Network Intrusion Detection and Prevention?
c0dyd asks: "Lately, computer attacks have gained much popularity in the news; however, it is not often that we hear of new software, hardware or 'appliances' that combat malicious code attacks and data intrusions. Obviously, the need is present. I've searched thoroughly for network intrusion detection and prevention systems, but the choices and technologies seem somewhat limited or proprietary-- Snort appears an obvious open source solution for intrusion detection but many users many find it lacking in intrusion prevention capabilities. What do you, the experienced network admin, use for detecting intrusions on the network and how does your network react to those intrusions?"
So, don't underestimate the usefulness of watching your network traffic graphs. With rrdtool it's pretty easy to pull out information and average it. For example, we watch not only our overall 95th %ile utilization, but also rank each user based on their utilization. If use suddenly goes up, increasing their rank, it's probably something we should look at. It's been extremely effective for detecting open HTTP proxies, SMTP relays, and people compromised with various vulneribilities.
Sean
The one feature I'd look for in an intrusion detection device is that it can quickly escalate a detected intrusion attempt to real people (through email, phone, calls, etc).
For real enterprise needs, companies like counterpane not only install the intrusion detection devices; but offer services that monitor them just like the physical alarm companies do.
bro-ids.org
I'd rave more, but bro is watching me and wants me to get back to real work.
Have you had a look at any commercial firewall products lately (SonicWALL, Juniper/Netscreen, Cisco, Fortinet)? The past year has brought about the evolution of yesterday's packet filtering, stateful packet inspection, limited application layer gateways into full-blown "deep packet inspection unified threat management" devices (as the industry prefers to call them now). It's not really accurate to refer to them as firewalls anymore.
These devices can scan most TCP protocols for any kind of malicious content, like snort-style IPS sigs, viruses, phishing sigs, spyware (generally ActiveX), etc. And since they are the gateway, they can also block or sanitize the content. Some of the better implementations (I'll stop short of a specific product endorsement) can even scan all generic TCP streams, and do not impose any size or stream concurrency limitations on the the content they can scan.

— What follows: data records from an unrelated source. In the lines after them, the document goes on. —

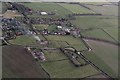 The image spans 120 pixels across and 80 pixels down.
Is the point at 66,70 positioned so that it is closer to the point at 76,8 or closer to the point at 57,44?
the point at 57,44

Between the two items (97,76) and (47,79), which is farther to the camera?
(97,76)

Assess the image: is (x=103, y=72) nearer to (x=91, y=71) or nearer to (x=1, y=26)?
(x=91, y=71)

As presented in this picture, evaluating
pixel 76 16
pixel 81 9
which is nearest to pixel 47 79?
pixel 76 16

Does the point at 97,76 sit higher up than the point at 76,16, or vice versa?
the point at 76,16

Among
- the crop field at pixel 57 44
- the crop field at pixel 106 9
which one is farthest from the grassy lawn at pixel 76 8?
the crop field at pixel 57 44

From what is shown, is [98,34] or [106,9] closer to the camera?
[98,34]

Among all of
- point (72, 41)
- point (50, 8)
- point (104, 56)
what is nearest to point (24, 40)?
point (72, 41)

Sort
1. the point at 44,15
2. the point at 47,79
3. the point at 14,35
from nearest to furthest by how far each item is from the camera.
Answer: the point at 47,79, the point at 14,35, the point at 44,15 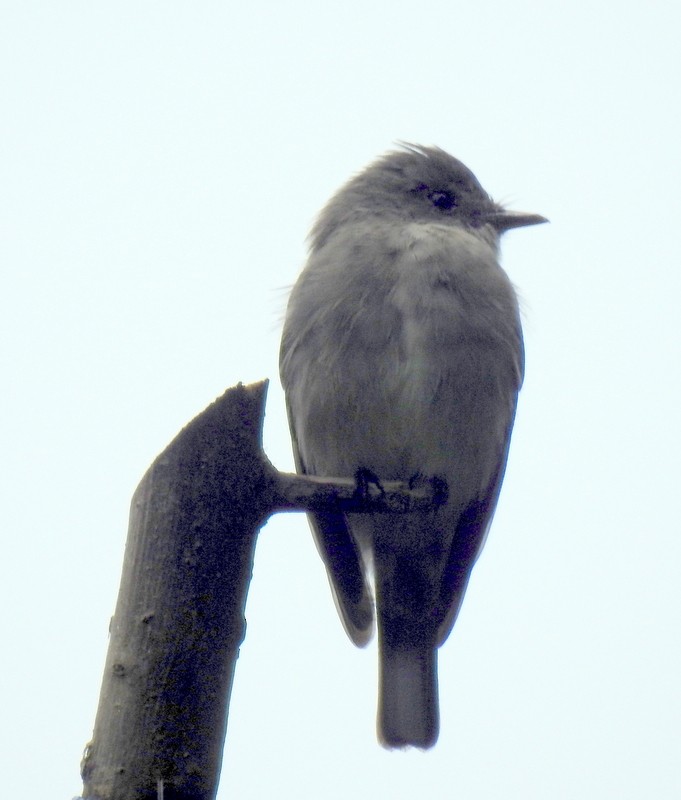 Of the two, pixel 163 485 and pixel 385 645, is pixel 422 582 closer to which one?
pixel 385 645

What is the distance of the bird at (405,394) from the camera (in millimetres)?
4172

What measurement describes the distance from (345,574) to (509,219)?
193 cm

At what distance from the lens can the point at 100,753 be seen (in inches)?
90.1

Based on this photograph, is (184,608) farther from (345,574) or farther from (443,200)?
(443,200)

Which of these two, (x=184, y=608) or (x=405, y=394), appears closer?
(x=184, y=608)

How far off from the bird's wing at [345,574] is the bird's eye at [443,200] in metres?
1.26

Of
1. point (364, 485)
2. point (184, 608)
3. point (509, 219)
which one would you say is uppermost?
point (509, 219)

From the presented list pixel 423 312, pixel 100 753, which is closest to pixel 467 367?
pixel 423 312

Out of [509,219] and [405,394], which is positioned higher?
[509,219]

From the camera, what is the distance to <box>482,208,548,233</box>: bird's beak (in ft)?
17.3

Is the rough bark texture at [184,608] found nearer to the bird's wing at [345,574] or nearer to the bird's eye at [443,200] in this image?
the bird's wing at [345,574]

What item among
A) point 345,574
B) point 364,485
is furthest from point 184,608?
point 345,574

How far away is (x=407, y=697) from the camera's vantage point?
4.60 m

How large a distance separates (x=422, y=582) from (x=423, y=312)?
137 centimetres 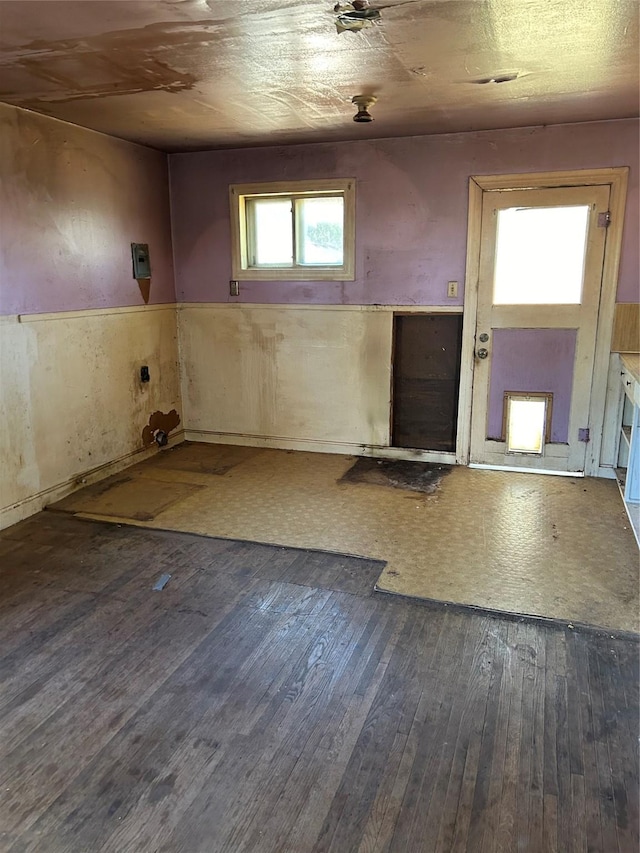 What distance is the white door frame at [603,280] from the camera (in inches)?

The thing to be careful about is throughput - even the higher end models fall short of sustaining gig throughputs, so multiple devices might be required for more demanding networks.
Snort supports in-line (intrusion prevention) operation on Linux as of version 2.3.0. There is also the snort-inline project which maintains a different code branch that includes support for divert sockets on FreeBSD as well as some in-line focused mods.
Sourcefire (my company) builds commercial-grade IPS using Snort as the foundation technology and it works well. We're continuing to improve the technology on an ongoing basis as it's central to our IPS offerings. If you want to run an IPS to try out the technology, Snort is certainly suitable today.